The /data folder includes data from a questionnaire collected at baseline ("swan_1996_97_baseline.csv") and two annual follow-up visits ("swan_1997_99_visit1.csv", "swan_1998_00_visit2.csv").  

Documentation for the baseline visit with details of the questionnaire and variables referenced is also included in the /data folder as "baseline-visit-codebook-PI.pdf".  

As a first step, please load in the data in this python notebook and conduct whatever exploration you need to decide - **"What are the key characteristics of these datasets?"**.   

To help focus, remember that the overall aim of the task is to **build a simple 1 page dashboard that summarises the key characteristics of the datasets**.    

Example exploration could include answering sub-questions such as, what is the size of each sample? how many participants have data in all follow-up visits?  

Please include inline code comments or markdown to explain your approach.  

Note, this exploration is not expected to be comprehensive, but if there are further analyses you would conduct to help you understand these datasets please include them in your commentary and explain what you would do.    

# Summary of response


Overall, my strategy is:
1. Clean the data up into a state suitable for interrogation by data consumers (e.g. nulls cleaned, datetimes converted), who can then theoretically come up with detailed requirements for what to do with this dataset
2. Produce some a data quality dashboard to for data consumers to use in conjunction with the data itself

The idea being that data consumers would then be in a position to iteratively make data engineering requirements for this dataset.

## 0. Install dependencies

In [1]:
!pip install -r requirements.txt

Collecting plotly
  Using cached plotly-5.13.1-py2.py3-none-any.whl (15.2 MB)
Collecting jupyter-dash
  Using cached jupyter_dash-0.4.2-py3-none-any.whl (23 kB)
Collecting tenacity>=6.2.0
  Using cached tenacity-8.2.1-py3-none-any.whl (24 kB)
Collecting flask
  Using cached Flask-2.2.3-py3-none-any.whl (101 kB)
Collecting dash
  Using cached dash-2.8.1-py3-none-any.whl (9.9 MB)
Collecting ansi2html
  Using cached ansi2html-1.8.0-py3-none-any.whl (16 kB)
Collecting retrying
  Using cached retrying-1.3.4-py3-none-any.whl (11 kB)
Collecting dash-core-components==2.0.0
  Using cached dash_core_components-2.0.0-py3-none-any.whl (3.8 kB)
Collecting dash-table==5.0.0
  Using cached dash_table-5.0.0-py3-none-any.whl (3.9 kB)
Collecting dash-html-components==2.0.0
  Using cached dash_html_components-2.0.0-py3-none-any.whl (4.1 kB)
Collecting itsdangerous>=2.0
  Using cached itsdangerous-2.1.2-py3-none-any.whl (15 kB)
Collecting click>=8.0
  Using cached click-8.1.3-py3-none-any.whl (96 kB)
Coll

# 1. Import packages

In [2]:
import pandas as pd
import re
import numpy as np

# 2. Load data


In [3]:
baseline_df = pd.read_csv("data/swan_1996_97_baseline.csv")
visit1_df = pd.read_csv("data/swan_1997_99_visit1.csv")
visit2_df = pd.read_csv("data/swan_1998_00_visit2.csv")
dfs = {'baseline_df': baseline_df, 'visit1_df': visit1_df,'visit2_df': visit2_df}

  has_raised = await self.run_ast_nodes(code_ast.body, cell_name,
  has_raised = await self.run_ast_nodes(code_ast.body, cell_name,
  has_raised = await self.run_ast_nodes(code_ast.body, cell_name,


# 3. Get idea of scale of data

In [4]:
for name, df in dfs.items():
    print(f'{name} dims: {df.shape}')

baseline_df dims: (3302, 741)
visit1_df dims: (2881, 576)
visit2_df dims: (2748, 551)


Couple things are apparent here:
   1. The data is _very_ wide.

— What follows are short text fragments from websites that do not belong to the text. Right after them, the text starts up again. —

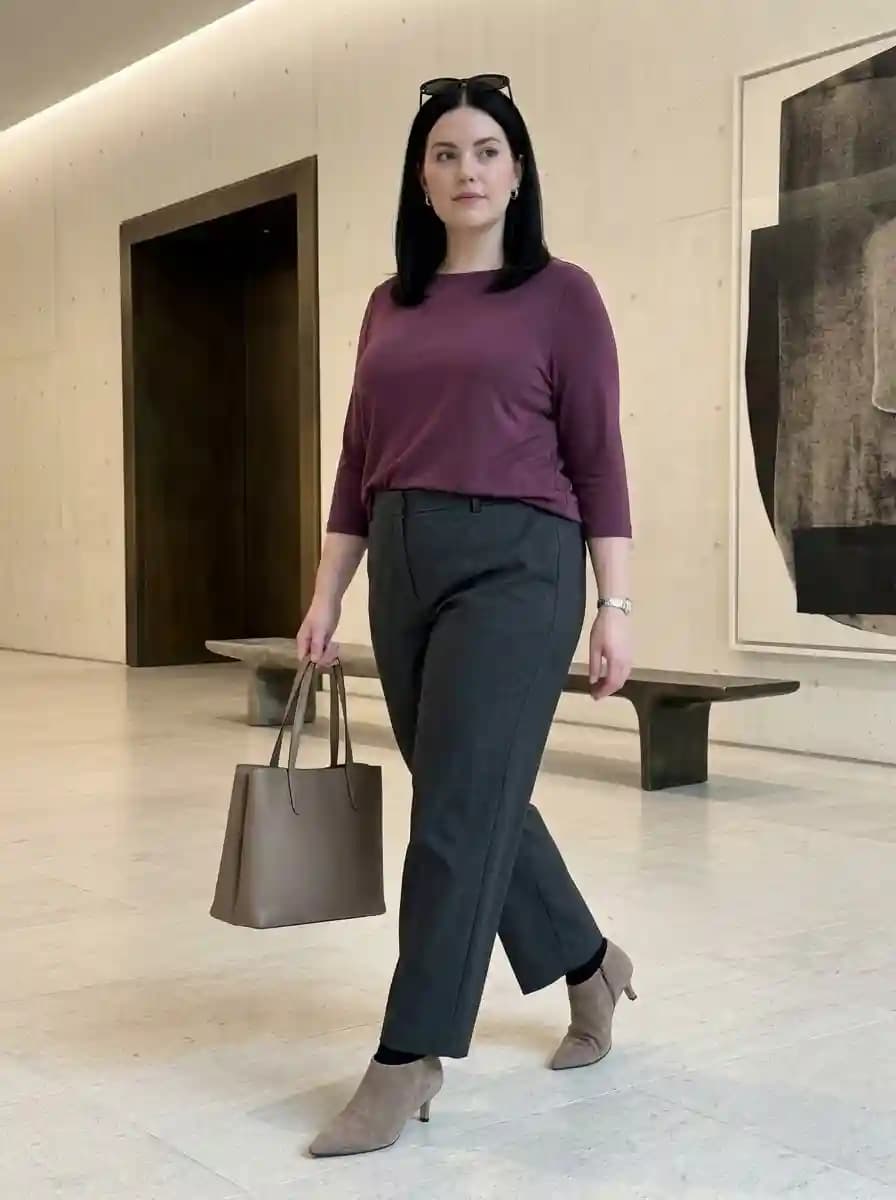 Burgundy 3/4 Sleeve Top with Charcoal Tailored Trousers and Taupe Suede Ankle Boots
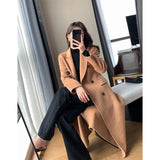 Znbbw Long Trench Coat Women Streetwear Double Breasted Wool Coat Korean Plus Size Windbreaker Outwear Winter Woolen Overcoat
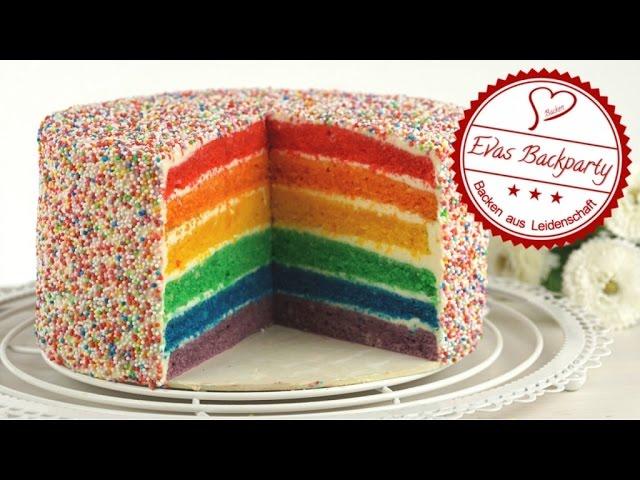 Regenbogentorte / Rainbow cake  / Sprinkle Cake / saftig / Backen mit Evas Backparty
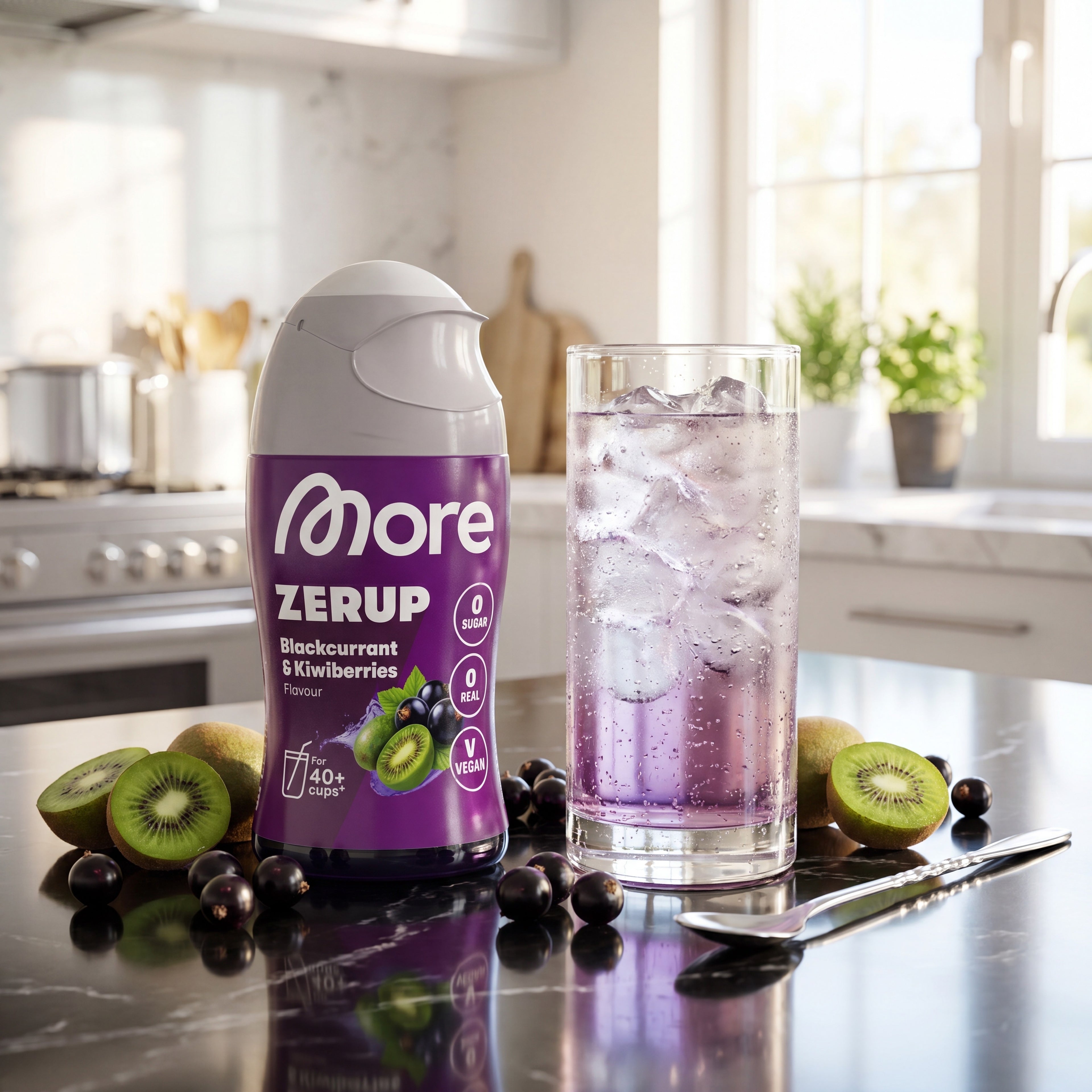 Zerup - Zero Sirup Blackcurrant & Kiwiberries – Sirup Flasche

Due to the width of the data, its easiest to get a taste for what's going on outside of the notebook - Excel will suit fine in this case of csvs on disk. If the location differed, we could choose a different solution (e.g. AWS Athena for S3 data, RDBMS for data in a database, etc.)
   2. The number of rows decreases from baseline -> 2nd visit, whether this is due to inherent dropoff in the dataset or a potential issue is unknown at this stage
   3. The number of columns decreases similarly.
    
Action points at this stage after getting eyes on data in excel:
1. Each table has column suffixes which we may or may not want to remove
2. We have a lot of text data that needs transforming into binary/category variables
3. We have a lot of 'NA' strings that need cleaning

### Handling text data

Given my current lack of understanding of the data, I will leave multicardinal (?) survey results as is until a requirement is given to change them. However, we can convert binary text columns to boolean for sure and save some memory

In [5]:
def _convert_bools(df):
    out_df = df.copy()
    for col in df.columns:
        if list(df[col][df[col].notna()].unique()) == ['(1) No', '(2) Yes' ]:
             out_df[col] = out_df[col].map({'(1) No': 0, '(2) Yes' :1}).astype("boolean")
    return out_df

def convert_bools(dict_of_dfs):
    out = {}
    for name,df in dfs.items():
        out[name] =_convert_bools(df)  
    return out

### Handling missing values

Luckily pandas assumes 'NA' = NaN. But we still have other examples of missing data:

In [6]:
def strip_whitespace(dict_of_dfs):
    out = {}
    for name,df in dfs.items():
        out[name] = _strip_whitespace(df)
    return out

def _strip_whitespace(df):
    out_df = df.copy()
    for col in out_df.loc[:, out_df.dtypes == object].columns:
        out_df[col] = out_df[col].str.strip(' ')
    return out_df

def clean_nans(dict_of_dfs):
    out = {}
    for name,df in dfs.items():
        out[name] = _clean_nans(df)
    return out

def _clean_nans(df):
    out_df = df.copy()
    for col in out_df.loc[:, out_df.dtypes == object].columns:
        if out_df[col].isin(['.','', '-1']).any():
            out_df[col] = out_df[col].replace({'.' : np.nan, '':np.nan, '-1':np.nan})
    return out_df

NB _clean_nans()_ should be safe for cols like LMPDAY0 which have negative integer values, and are not read as object.

### Converting datetimes

Any datetimes with /?

In [7]:
for name,df in dfs.items():
    for col in df.columns:
        if df[col].dtype == 'object':
            if df[col].str.contains('/').any():
                print(df[col])


0       (1) Yes, as per protocol
1       (1) Yes, as per protocol
2       (1) Yes, as per protocol
3       (1) Yes, as per protocol
4       (1) Yes, as per protocol
                  ...           
3297    (1) Yes, as per protocol
3298    (1) Yes, as per protocol
3299       (3) Yes, Last attempt
3300    (1) Yes, as per protocol
3301    (1) Yes, as per protocol
Name: BLDRWAT0, Length: 3302, dtype: object
0       (3) Occasionally/Mod Amt Of The Time (3-4 Days)
1              (2) Some/A Little Of The Time (1-2 Days)
2              (2) Some/A Little Of The Time (1-2 Days)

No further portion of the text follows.